- WHAT TO PRODUCE
Write out nothing except the lines running from the one containing "Jordan 4 Metallic Red" to the last line of the data, exactly as they stand.

***

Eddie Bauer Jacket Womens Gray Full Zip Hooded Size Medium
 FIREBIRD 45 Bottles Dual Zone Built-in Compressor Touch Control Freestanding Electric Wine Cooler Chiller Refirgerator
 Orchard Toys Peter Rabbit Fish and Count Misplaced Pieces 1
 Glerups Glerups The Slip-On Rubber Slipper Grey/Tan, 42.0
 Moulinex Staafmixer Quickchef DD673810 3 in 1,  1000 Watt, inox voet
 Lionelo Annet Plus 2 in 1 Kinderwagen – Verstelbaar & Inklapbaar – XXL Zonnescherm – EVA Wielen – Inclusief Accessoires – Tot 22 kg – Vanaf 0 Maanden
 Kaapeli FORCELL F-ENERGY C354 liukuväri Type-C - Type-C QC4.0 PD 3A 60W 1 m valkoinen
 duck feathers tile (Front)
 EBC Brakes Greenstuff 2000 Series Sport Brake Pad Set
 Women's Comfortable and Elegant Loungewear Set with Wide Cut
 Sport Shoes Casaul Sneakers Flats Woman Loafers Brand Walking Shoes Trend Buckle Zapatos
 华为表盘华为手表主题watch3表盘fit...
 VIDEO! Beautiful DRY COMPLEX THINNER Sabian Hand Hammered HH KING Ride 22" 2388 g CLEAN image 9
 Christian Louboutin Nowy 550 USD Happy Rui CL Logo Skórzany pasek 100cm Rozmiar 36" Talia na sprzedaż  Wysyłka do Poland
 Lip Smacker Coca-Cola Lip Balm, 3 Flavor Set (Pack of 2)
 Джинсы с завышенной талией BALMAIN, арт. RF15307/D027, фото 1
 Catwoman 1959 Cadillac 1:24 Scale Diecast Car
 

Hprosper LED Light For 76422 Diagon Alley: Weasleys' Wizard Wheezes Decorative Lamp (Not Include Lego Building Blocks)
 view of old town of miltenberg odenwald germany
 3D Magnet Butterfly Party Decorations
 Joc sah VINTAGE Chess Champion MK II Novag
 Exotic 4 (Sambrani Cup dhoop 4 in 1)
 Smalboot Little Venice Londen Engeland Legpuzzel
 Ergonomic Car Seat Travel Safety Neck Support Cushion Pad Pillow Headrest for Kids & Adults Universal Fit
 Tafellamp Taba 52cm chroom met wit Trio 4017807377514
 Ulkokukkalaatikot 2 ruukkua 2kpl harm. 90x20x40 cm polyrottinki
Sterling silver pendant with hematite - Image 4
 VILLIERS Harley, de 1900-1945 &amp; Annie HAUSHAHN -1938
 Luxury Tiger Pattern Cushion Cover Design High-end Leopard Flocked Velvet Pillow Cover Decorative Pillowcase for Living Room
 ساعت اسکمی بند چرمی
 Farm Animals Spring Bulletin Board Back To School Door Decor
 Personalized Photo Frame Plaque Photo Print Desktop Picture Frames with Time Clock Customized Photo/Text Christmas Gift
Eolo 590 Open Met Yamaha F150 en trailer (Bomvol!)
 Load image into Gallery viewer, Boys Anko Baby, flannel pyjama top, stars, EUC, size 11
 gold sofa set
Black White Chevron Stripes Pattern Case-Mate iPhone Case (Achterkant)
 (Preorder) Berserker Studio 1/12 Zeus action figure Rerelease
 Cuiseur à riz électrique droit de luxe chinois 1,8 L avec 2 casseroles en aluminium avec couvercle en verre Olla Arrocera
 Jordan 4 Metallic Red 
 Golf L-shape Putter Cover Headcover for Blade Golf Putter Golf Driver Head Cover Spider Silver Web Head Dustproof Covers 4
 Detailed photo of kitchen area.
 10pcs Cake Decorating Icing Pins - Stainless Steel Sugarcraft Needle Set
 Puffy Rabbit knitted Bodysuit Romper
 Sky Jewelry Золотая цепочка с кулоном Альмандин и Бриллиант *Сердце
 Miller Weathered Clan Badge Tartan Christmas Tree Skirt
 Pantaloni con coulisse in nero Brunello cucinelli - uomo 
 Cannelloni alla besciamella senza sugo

***

- TASK SOLUTION
 Jordan 4 Metallic Red 
 Golf L-shape Putter Cover Headcover for Blade Golf Putter Golf Driver Head Cover Spider Silver Web Head Dustproof Covers 4
 Detailed photo of kitchen area.
 10pcs Cake Decorating Icing Pins - Stainless Steel Sugarcraft Needle Set
 Puffy Rabbit knitted Bodysuit Romper
 Sky Jewelry Золотая цепочка с кулоном Альмандин и Бриллиант *Сердце
 Miller Weathered Clan Badge Tartan Christmas Tree Skirt
 Pantaloni con coulisse in nero Brunello cucinelli - uomo 
 Cannelloni alla besciamella senza sugo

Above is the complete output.